Below are the records; give again exactly the lines from the one containing "LOWRYS FARM（ロー" through the one containing "Velo Store - UK", leaving out pictures.

___ Material provided ___

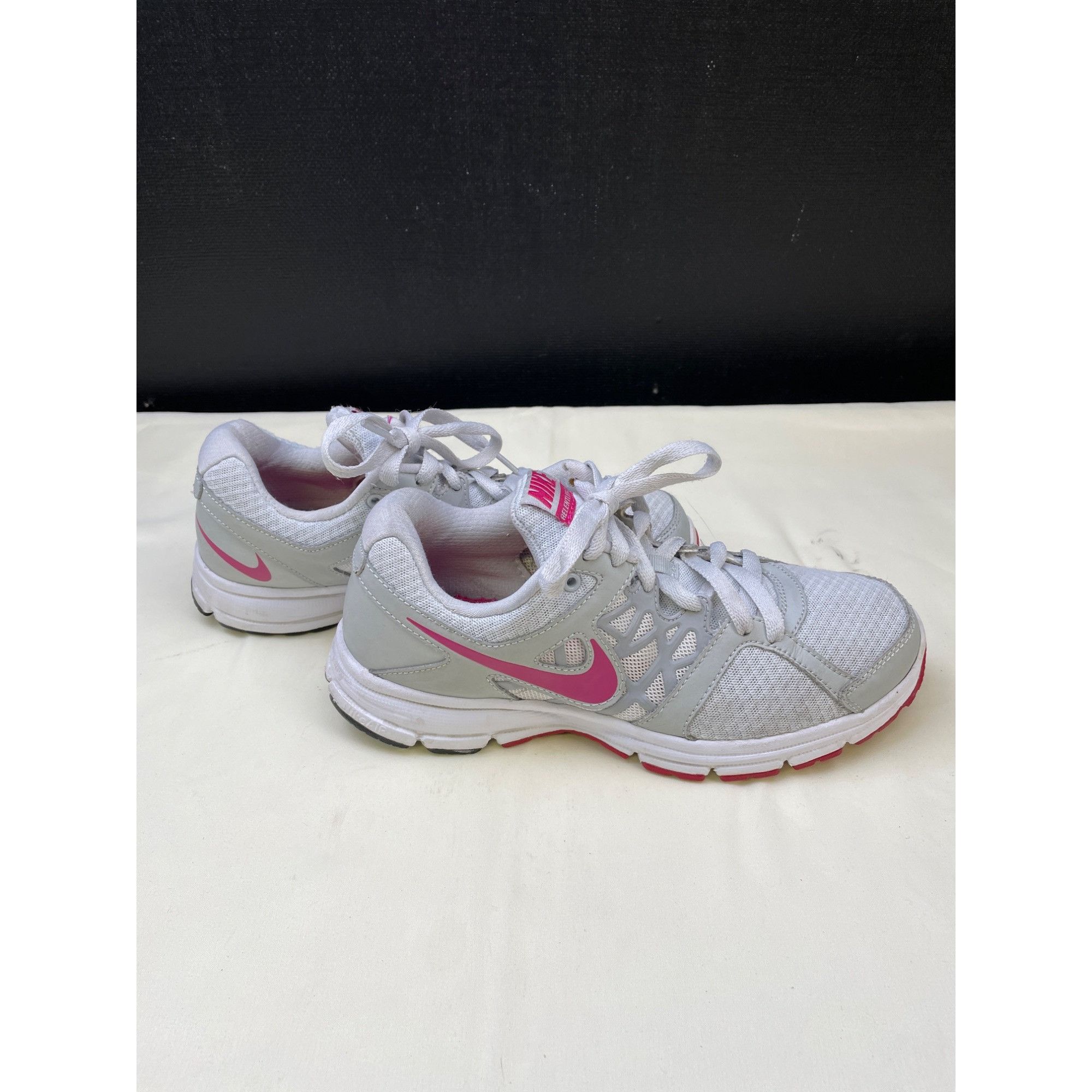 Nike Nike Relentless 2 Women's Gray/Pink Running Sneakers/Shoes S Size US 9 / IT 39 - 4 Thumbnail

___
___ Material provided ___

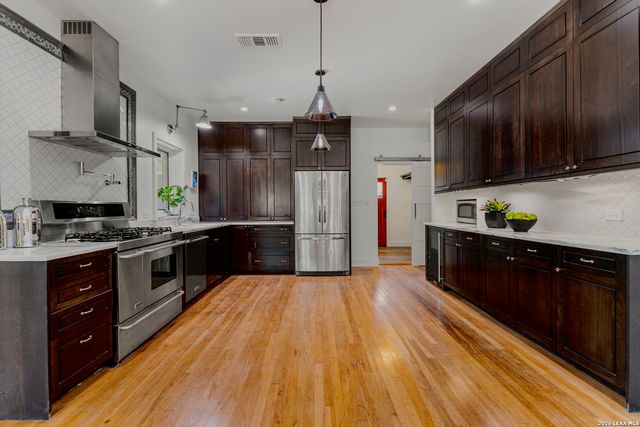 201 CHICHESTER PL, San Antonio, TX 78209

___
___ Material provided ___

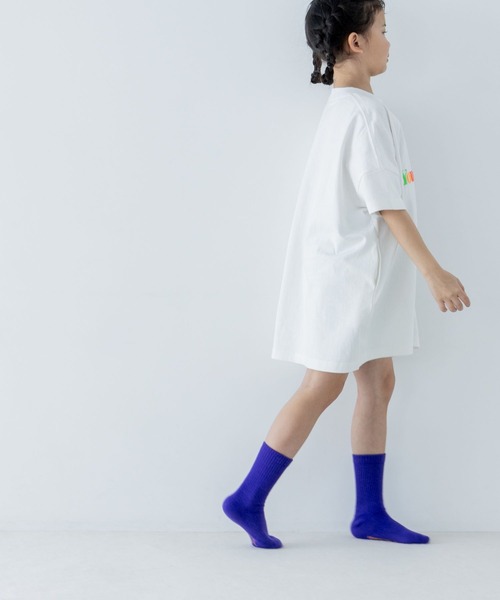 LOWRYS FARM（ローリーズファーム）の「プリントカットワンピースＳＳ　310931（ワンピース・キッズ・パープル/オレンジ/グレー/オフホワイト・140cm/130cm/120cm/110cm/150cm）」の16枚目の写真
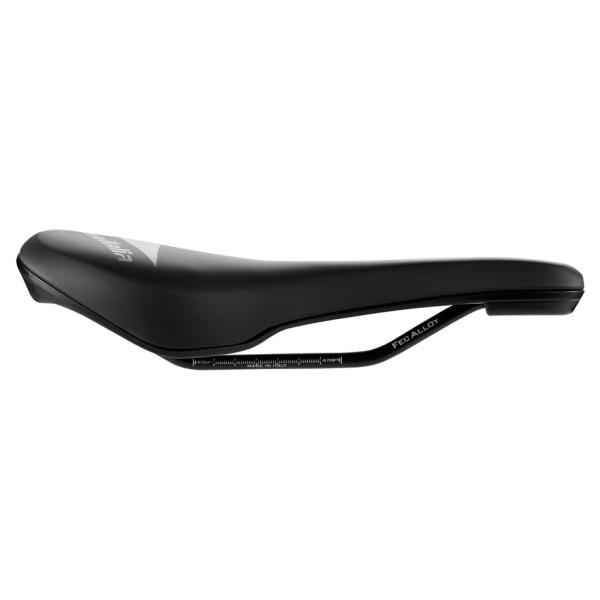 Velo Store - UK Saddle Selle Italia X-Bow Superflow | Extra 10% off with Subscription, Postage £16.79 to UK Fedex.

___

• Final answer
 LOWRYS FARM（ローリーズファーム）の「プリントカットワンピースＳＳ　310931（ワンピース・キッズ・パープル/オレンジ/グレー/オフホワイト・140cm/130cm/120cm/110cm/150cm）」の16枚目の写真
 Velo Store - UK Saddle Selle Italia X-Bow Superflow | Extra 10% off with Subscription, Postage £16.79 to UK Fedex.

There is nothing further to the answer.